CPI inflation accelerated to 2.4% y/y in January from 1.6% y/y the month before, thus moving within the new target tolerance band of 3.0±1.5% of the NBS, according to the latest data of the Serbian statistical office. In monthly terms, consumer prices increased by 1.4%, recovering to growth after two months of decline.
The main upward pressure on the headline index came from transport, food, alcoholic beverage and tobacco prices. Transport price growth accelerated to 5.8% y/y in January amid rising crude oil prices and reversing base effects. Food and non-alcoholic beverage prices also had a positive contribution to the index. These prices were up by 3.1% m/m on the back of strong rise in vegetable prices and their annual growth sped up to 1.2% y/y in January. As we expected, alcoholic beverage and tobacco prices also exerted upward pressure on the index in January reflecting the new higher excise duties. Recreation and culture prices also had a minor positive contribution, whereas the developments in prices in other groups had virtually no impact on the headline index.
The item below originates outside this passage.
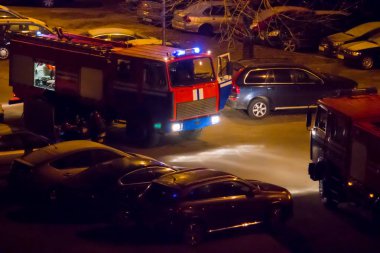 Geceleri ışıkları yanıp sönen ile yolun itfaiye yanıyor.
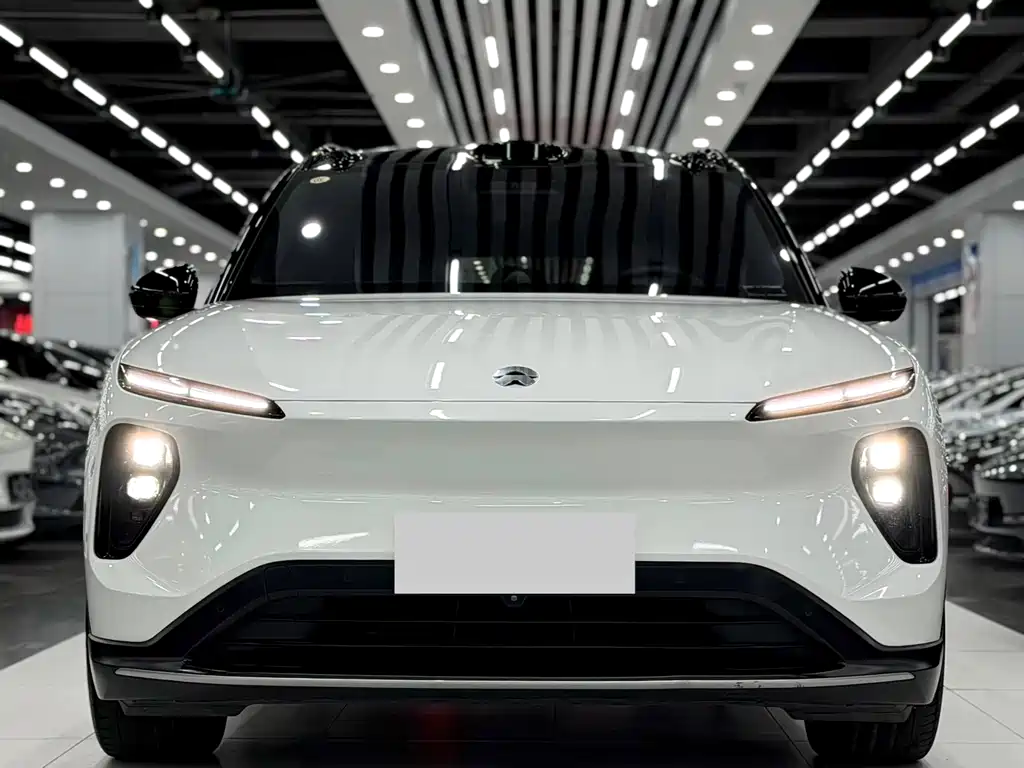 NIO ES6 — миниатюра 2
The central bank projected that CPI inflation will enter the new target band in Q1, driven primarily by higher prices of petroleum products and cigarettes. The NBS said that low base effect from fruit and vegetable prices, gradual increase in domestic aggregate demand and inflation abroad will help push inflation within the target band. On the other hand, low food production costs and the high base for petroleum product prices from March onwards will continue to act disinflationary for some more time. The central bank assumed that electricity prices will go up by 3.8% in 2017, the same as in 2016, but underlined that it did not know whether these prices will be actually adjusted.